| Action item |
In this exercise, write out the data word for word and leave every image out.

| Recorded information |
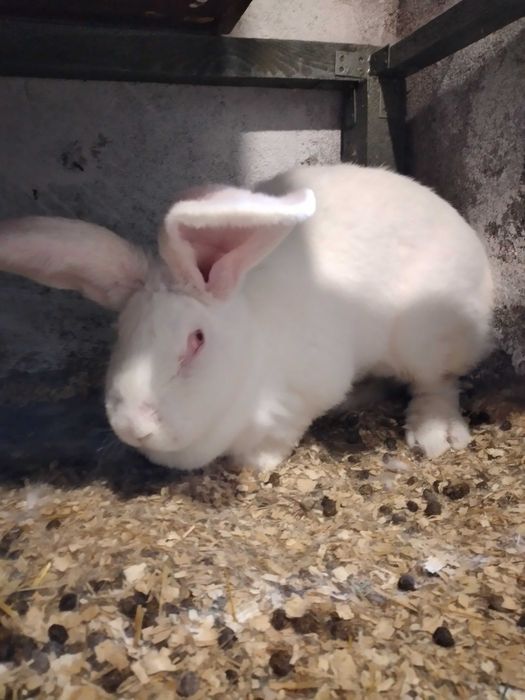Продавам зайци бял великан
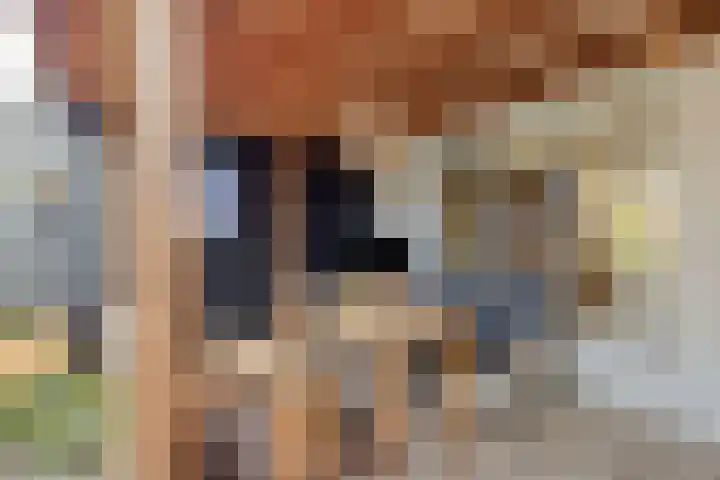 Spechtstraat 20 Goor thumbnail 39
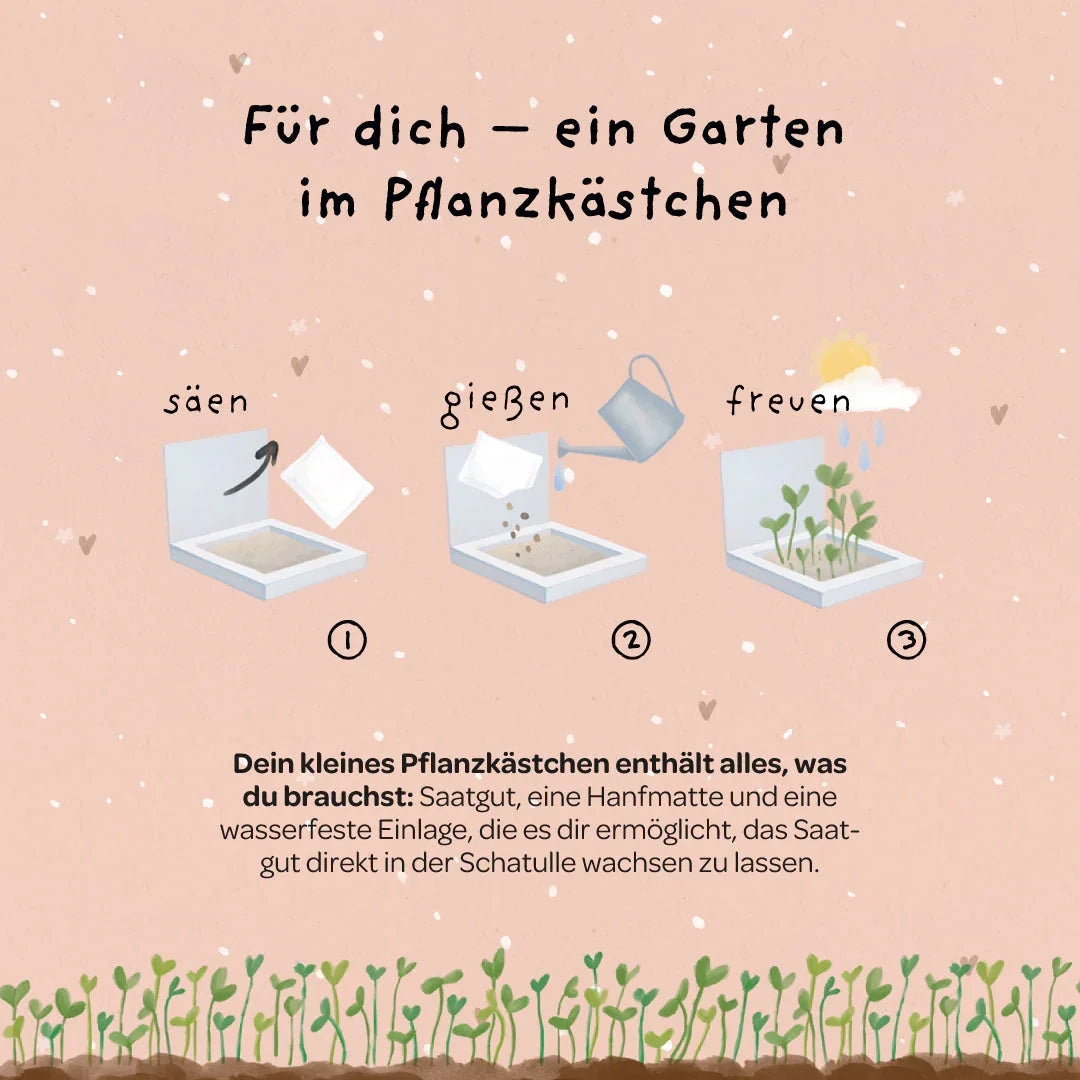 Pflanzkästchen - HDGDL - Hab dich ganz doll lieb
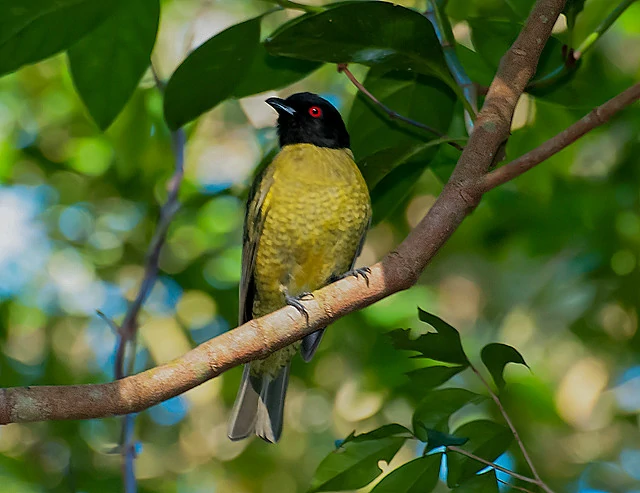 habitat do sabia-pimenta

| Problem solution |
Продавам зайци бял великан
 Spechtstraat 20 Goor thumbnail 39
 Pflanzkästchen - HDGDL - Hab dich ganz doll lieb
 habitat do sabia-pimenta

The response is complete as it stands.